Another distinguishing feature was that someone who posted a hyperlink did not control the
information which it contained and that information could subsequently change. The content behind a hyperlink had also already been made available by the original publisher, providing unrestricted
access to the public.
Given such considerations the Court did not agree with the Hungarian courts’ approach of equating
the posting of a hyperlink with the dissemination of defamatory information, which led to objective
liability. Rather, the question of such liability, within the context of Article 10, required an individual
assessment, having regard to several elements.
It went on to identify five such elements: whether the journalist endorsed the impugned content;
did he or she repeat the content, without endorsing it; did the journalist simply post a hyperlink,
without endorsing or repeating it; did the journalist know, or could he or she have reasonably
known, that the content was defamatory or otherwise unlawful; and did the journalist act in good
faith, respecting journalistic ethics and with the due diligence of responsible journalism.
It noted that the applicant company’s article had simply mentioned that an interview with the
community leader was available on YouTube and provided a link to it, without any comments,
repetition of the content or mention of the political party. The article made no mention of whether
the community leader’s comments were true or not, and had not amounted to an endorsement.
The Court found that it could not have been obvious to the journalist who provided the hyperlink
that it led to defamatory content – at that stage there had been no judgment on the matter and it
was not possible from the outset to view the statements as being clearly unlawful. Furthermore,
politicians or political parties had to accept wider limits of acceptable criticism.
Lastly, the Court noted that Hungarian law, as interpreted by the courts, did not provide for any
assessment of the applicant company’s Article 10 rights in a situation where such scrutiny had been
very important given the debate on a matter of general interest that was involved at the time.

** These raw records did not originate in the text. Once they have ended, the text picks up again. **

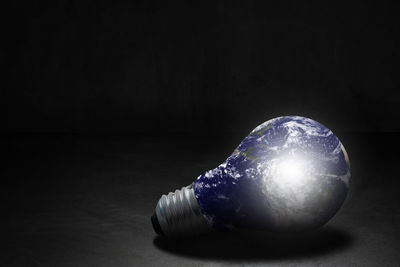 Close-up of light bulb on table against black background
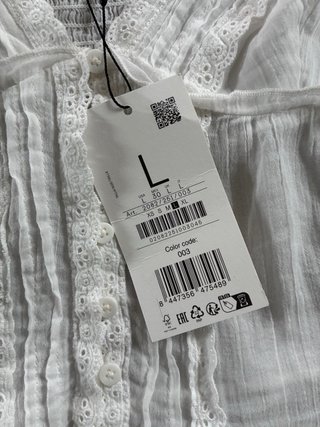 Blusa blanca con etiqueta talla L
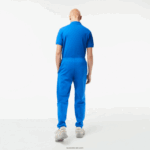 Lacoste מכנסי טרנינג פליסה בגזרה מחודדת DZ4D0D357 כחול kxb גברים - Image 3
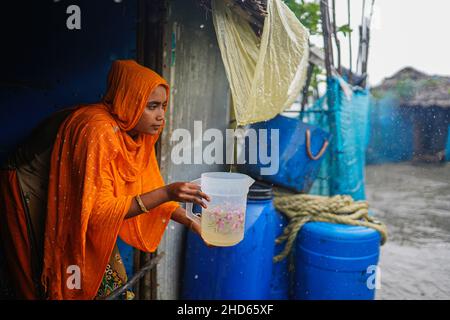 Mongla, Bangladesch. 12th September 2021. Eine Frau sammelt Regenwasser, indem sie eine Plastikfolie unter dem Blechdach verwendet, Regenwasser ist die Hauptquelle des Trinkwassers, da der Salzgehalt aufgrund der hohen Gezeiten während des Zyklons im Küstengebiet des Dorfes Jaymani zunimmt.Bangladesch ist eines der Länder, die am stärksten von den Auswirkungen des Klimawandels betroffen sind. Die regelmäßigen und schweren Naturgefahren, die Bangladesch bereits unter tropischen Wirbelstürmen, Hochwasser, Flußerosion, Überschwemmungen, Erdrutschen und Dürren leidet, werden durch den Klimawandel immer intensiver und häufiger werden. (Kredit Stockfoto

A finding that the hyperlink amounted to dissemination of information which entailed objective
(strict) liability meant there had been no balancing of the parties’ rights under Article 8 and Article
Such objective liability could have negative consequences on the flow of information on the Internet
by impelling authors and publishers to refrain altogether from hyperlinking to material whose
content they could not control. That could directly or indirectly have a chilling effect on freedom of
expression on the Internet.
Overall, the applicant company had suffered a disproportionate restriction on its right to freedom of
expression and there had been a violation of its Article 10 rights.
Just satisfaction (Article 41)
The Court held that Hungary was to pay the applicant company 597.04 euros (EUR) in respect of
pecuniary damage and EUR 4,149.39 in respect of costs and expenses.
Judge Pinto de Albuquerque expressed a concurring opinion which is annexed to the judgment(echrcaselaw.com editing).